WORK REQUEST: Write down the lines exactly as they appear, from the one that contains "Android messaggi segreti" through the final line of the records, so that both ends are kept and no pictures come along.

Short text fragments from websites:
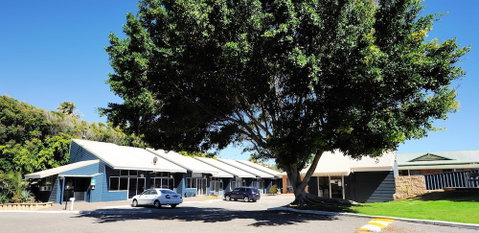 Abrolhos Reef Lodge - Holiday Adelaide 1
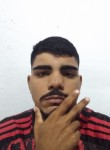 Leandro, 19 лет, Natal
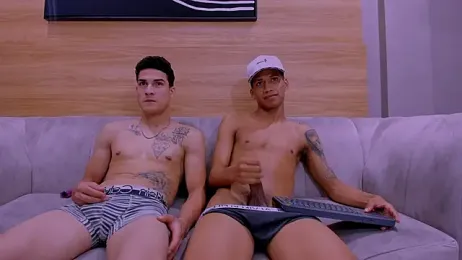 hard_guysbb webcam model stream image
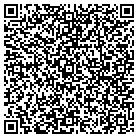 QR code with Depaul University Art Museum contacts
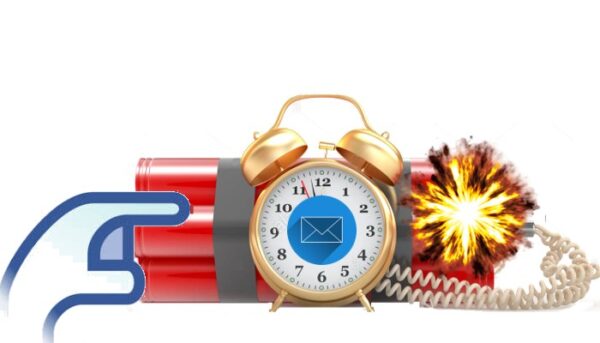 Android messaggi segreti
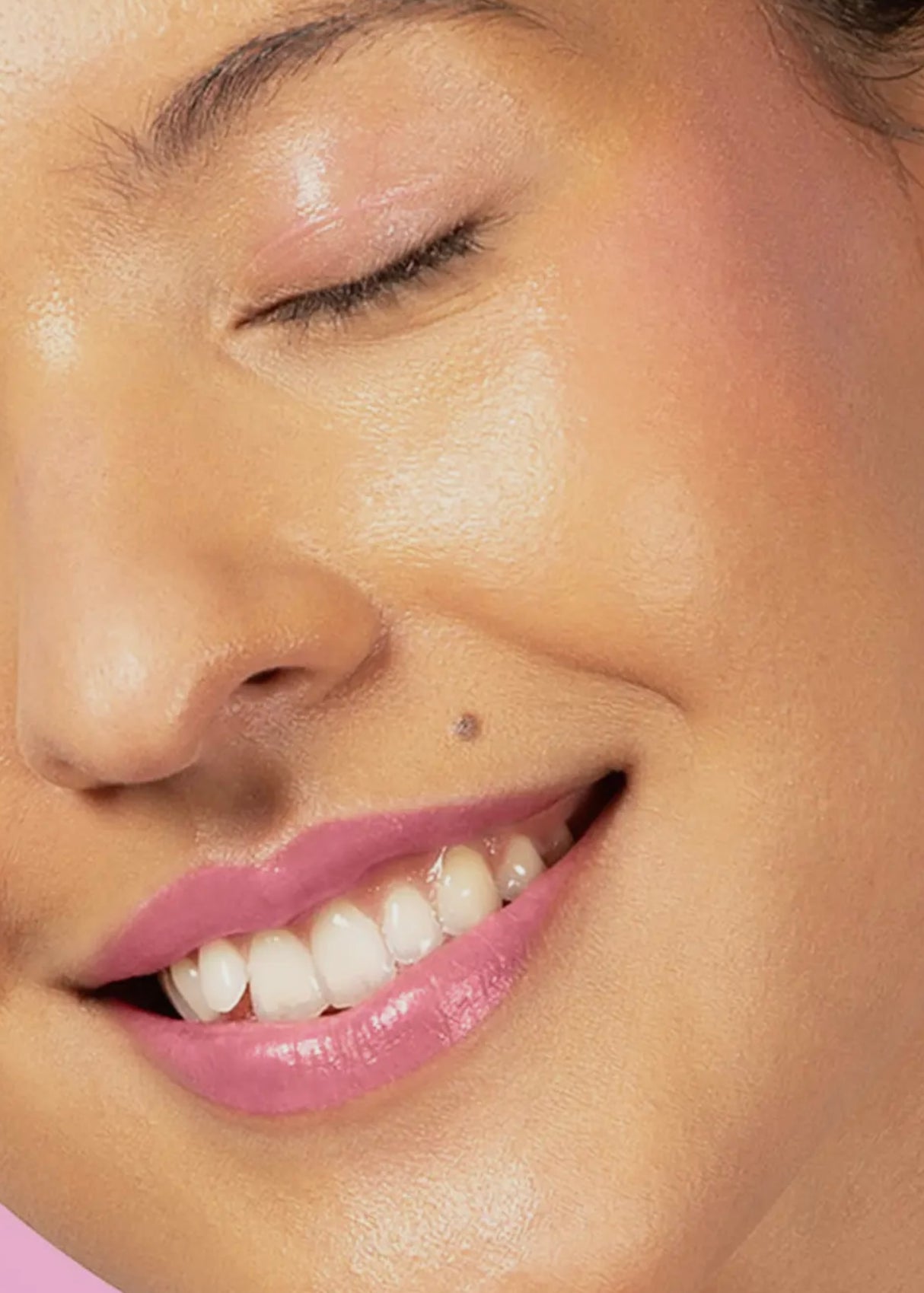 Pink Me Up Lip & Cheek Tinted Balm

TASK OUTPUT:
 Android messaggi segreti
 Pink Me Up Lip & Cheek Tinted Balm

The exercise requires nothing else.